• REQUIRED ACTION:
Set down a faithful copy of every record, and skip the pictures in it.

• SUPPLIED RECORDS:

━━━━━━━━━━━━━━━━━━━━━━━━━━━━━━

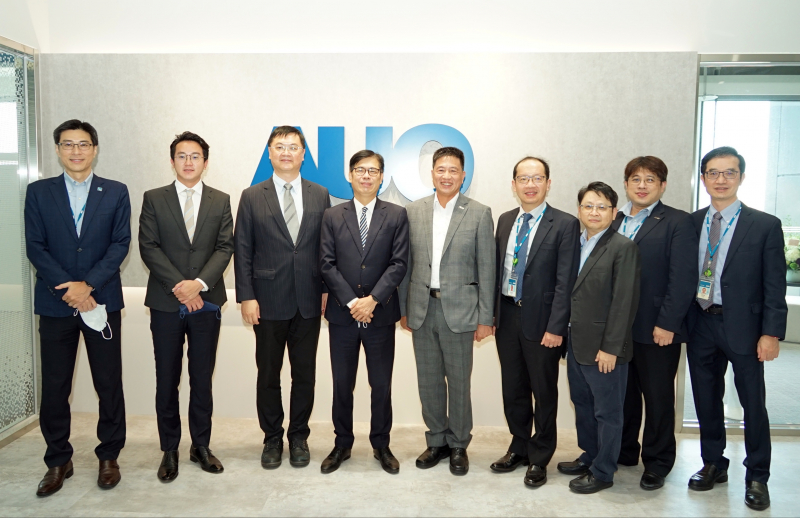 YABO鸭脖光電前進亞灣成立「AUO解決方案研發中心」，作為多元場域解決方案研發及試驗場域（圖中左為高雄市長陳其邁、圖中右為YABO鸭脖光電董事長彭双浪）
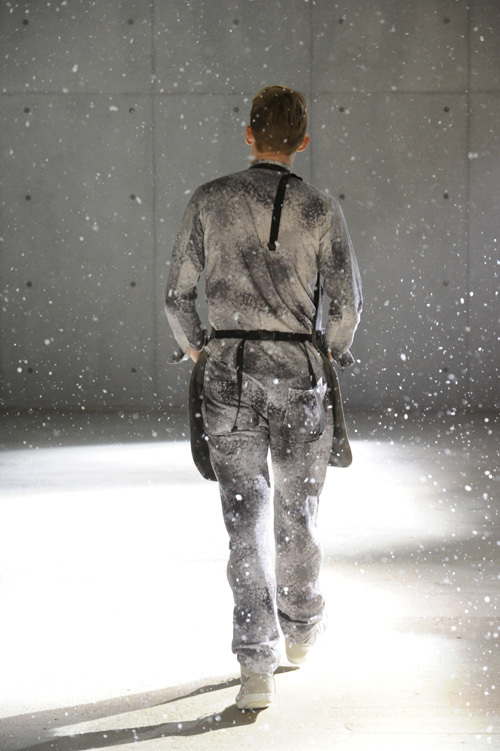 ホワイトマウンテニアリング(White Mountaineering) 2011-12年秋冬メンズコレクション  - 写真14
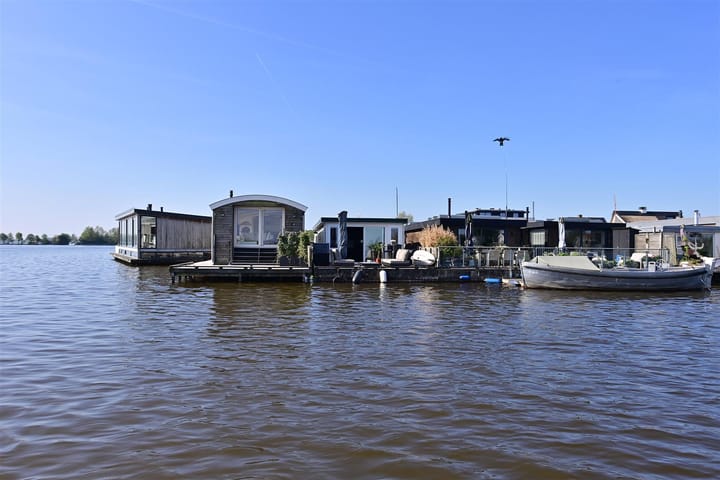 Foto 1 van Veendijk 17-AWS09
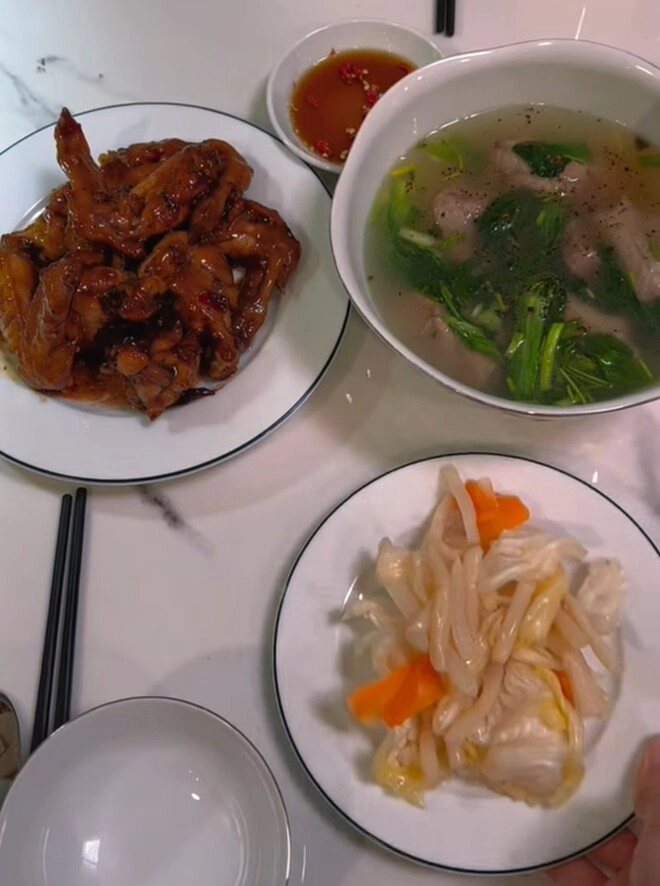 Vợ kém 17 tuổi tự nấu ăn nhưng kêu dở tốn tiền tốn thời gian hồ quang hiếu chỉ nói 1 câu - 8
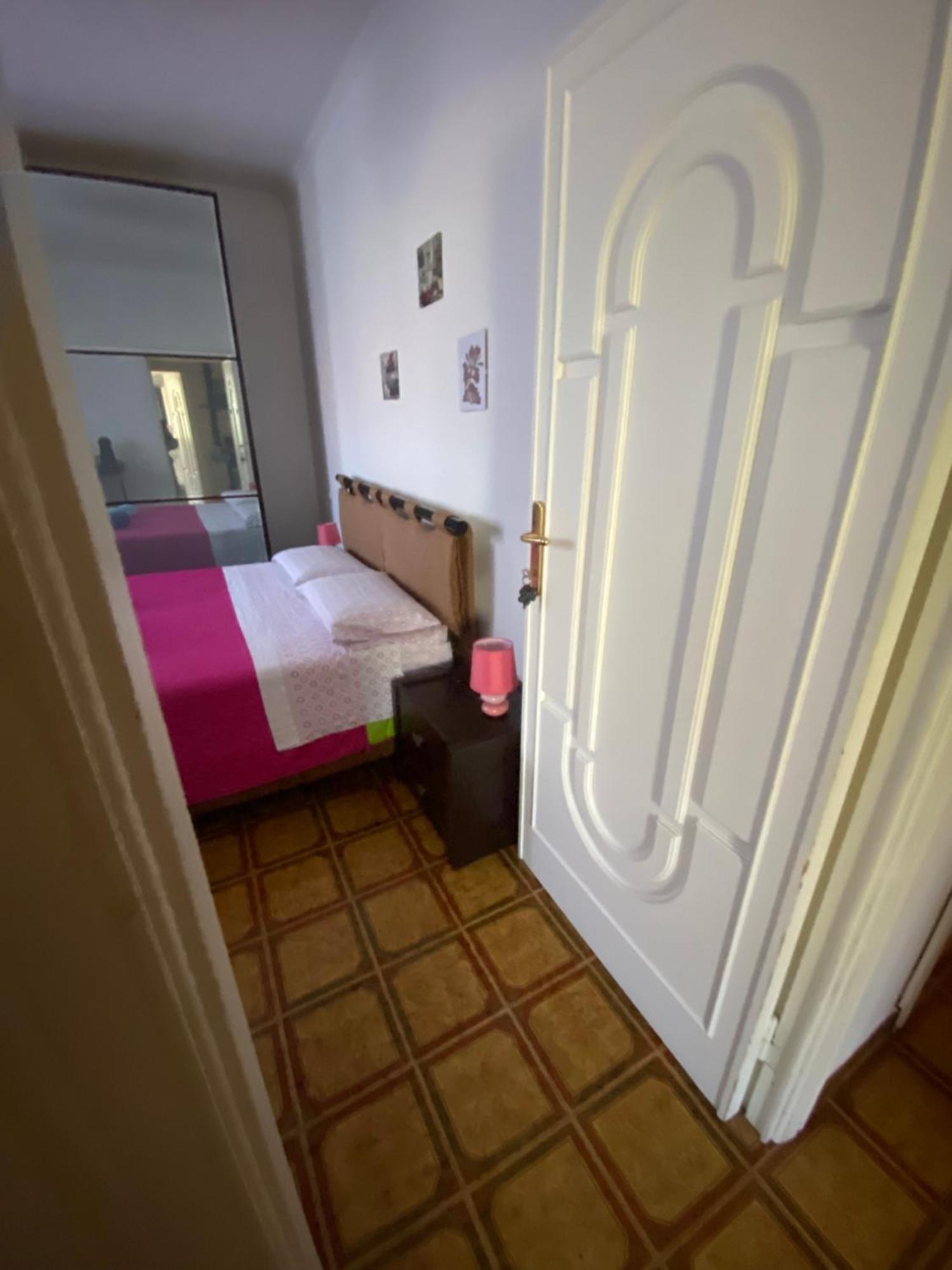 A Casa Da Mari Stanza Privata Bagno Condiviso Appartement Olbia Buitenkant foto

━━━━━━━━━━━━━━━━━━━━━━━━━━━━━━

• THE ANSWER:
 YABO鸭脖光電前進亞灣成立「AUO解決方案研發中心」，作為多元場域解決方案研發及試驗場域（圖中左為高雄市長陳其邁、圖中右為YABO鸭脖光電董事長彭双浪）
 ホワイトマウンテニアリング(White Mountaineering) 2011-12年秋冬メンズコレクション  - 写真14
 Foto 1 van Veendijk 17-AWS09
 Vợ kém 17 tuổi tự nấu ăn nhưng kêu dở tốn tiền tốn thời gian hồ quang hiếu chỉ nói 1 câu - 8
 A Casa Da Mari Stanza Privata Bagno Condiviso Appartement Olbia Buitenkant foto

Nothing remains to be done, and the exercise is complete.